* _Exercise description_: Could you print only the lines from the one containing "Airbnb Management Company" through the end of the listing below, unchanged?

┌────────

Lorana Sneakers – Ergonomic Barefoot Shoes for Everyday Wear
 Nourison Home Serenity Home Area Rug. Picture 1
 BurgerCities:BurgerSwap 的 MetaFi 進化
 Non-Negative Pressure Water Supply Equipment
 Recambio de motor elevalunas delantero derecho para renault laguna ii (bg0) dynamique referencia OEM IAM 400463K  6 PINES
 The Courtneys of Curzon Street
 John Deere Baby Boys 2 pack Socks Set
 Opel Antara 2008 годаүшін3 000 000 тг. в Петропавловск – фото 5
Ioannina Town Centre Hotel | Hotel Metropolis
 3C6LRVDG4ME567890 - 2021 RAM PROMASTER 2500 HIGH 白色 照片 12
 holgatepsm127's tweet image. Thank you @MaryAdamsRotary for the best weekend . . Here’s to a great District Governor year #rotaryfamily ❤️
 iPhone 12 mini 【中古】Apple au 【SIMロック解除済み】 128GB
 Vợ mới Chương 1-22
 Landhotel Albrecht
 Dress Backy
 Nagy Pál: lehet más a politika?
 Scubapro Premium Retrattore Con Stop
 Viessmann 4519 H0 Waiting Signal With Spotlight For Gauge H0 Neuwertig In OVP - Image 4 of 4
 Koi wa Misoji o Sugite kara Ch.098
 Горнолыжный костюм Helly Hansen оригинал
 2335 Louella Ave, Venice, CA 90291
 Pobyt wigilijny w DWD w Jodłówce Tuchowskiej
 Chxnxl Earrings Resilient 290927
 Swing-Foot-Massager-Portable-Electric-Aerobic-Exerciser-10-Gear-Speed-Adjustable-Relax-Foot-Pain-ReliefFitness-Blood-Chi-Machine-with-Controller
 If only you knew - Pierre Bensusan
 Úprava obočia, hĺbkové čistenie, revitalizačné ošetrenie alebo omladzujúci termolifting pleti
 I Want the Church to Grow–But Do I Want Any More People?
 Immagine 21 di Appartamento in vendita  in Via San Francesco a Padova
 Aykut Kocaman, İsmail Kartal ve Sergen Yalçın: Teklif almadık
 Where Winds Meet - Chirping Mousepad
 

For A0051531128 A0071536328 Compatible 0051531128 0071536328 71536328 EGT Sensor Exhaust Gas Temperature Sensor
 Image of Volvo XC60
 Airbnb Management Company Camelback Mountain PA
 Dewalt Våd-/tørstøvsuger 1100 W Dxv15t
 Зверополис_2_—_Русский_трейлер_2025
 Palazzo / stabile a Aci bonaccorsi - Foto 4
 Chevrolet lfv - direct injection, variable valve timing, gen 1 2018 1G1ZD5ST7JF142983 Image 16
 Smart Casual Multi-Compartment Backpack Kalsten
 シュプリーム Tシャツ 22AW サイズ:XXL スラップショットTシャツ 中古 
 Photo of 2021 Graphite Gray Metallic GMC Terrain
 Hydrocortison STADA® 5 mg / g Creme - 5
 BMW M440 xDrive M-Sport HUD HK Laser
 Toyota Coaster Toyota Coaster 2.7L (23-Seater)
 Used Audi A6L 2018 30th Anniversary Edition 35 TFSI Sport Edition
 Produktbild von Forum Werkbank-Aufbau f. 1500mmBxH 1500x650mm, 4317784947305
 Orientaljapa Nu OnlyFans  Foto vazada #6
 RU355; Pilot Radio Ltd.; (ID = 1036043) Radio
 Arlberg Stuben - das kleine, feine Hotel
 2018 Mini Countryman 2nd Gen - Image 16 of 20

└────────

* _Response to the exercise_:
 Airbnb Management Company Camelback Mountain PA
 Dewalt Våd-/tørstøvsuger 1100 W Dxv15t
 Зверополис_2_—_Русский_трейлер_2025
 Palazzo / stabile a Aci bonaccorsi - Foto 4
 Chevrolet lfv - direct injection, variable valve timing, gen 1 2018 1G1ZD5ST7JF142983 Image 16
 Smart Casual Multi-Compartment Backpack Kalsten
 シュプリーム Tシャツ 22AW サイズ:XXL スラップショットTシャツ 中古 
 Photo of 2021 Graphite Gray Metallic GMC Terrain
 Hydrocortison STADA® 5 mg / g Creme - 5
 BMW M440 xDrive M-Sport HUD HK Laser
 Toyota Coaster Toyota Coaster 2.7L (23-Seater)
 Used Audi A6L 2018 30th Anniversary Edition 35 TFSI Sport Edition
 Produktbild von Forum Werkbank-Aufbau f. 1500mmBxH 1500x650mm, 4317784947305
 Orientaljapa Nu OnlyFans  Foto vazada #6
 RU355; Pilot Radio Ltd.; (ID = 1036043) Radio
 Arlberg Stuben - das kleine, feine Hotel
 2018 Mini Countryman 2nd Gen - Image 16 of 20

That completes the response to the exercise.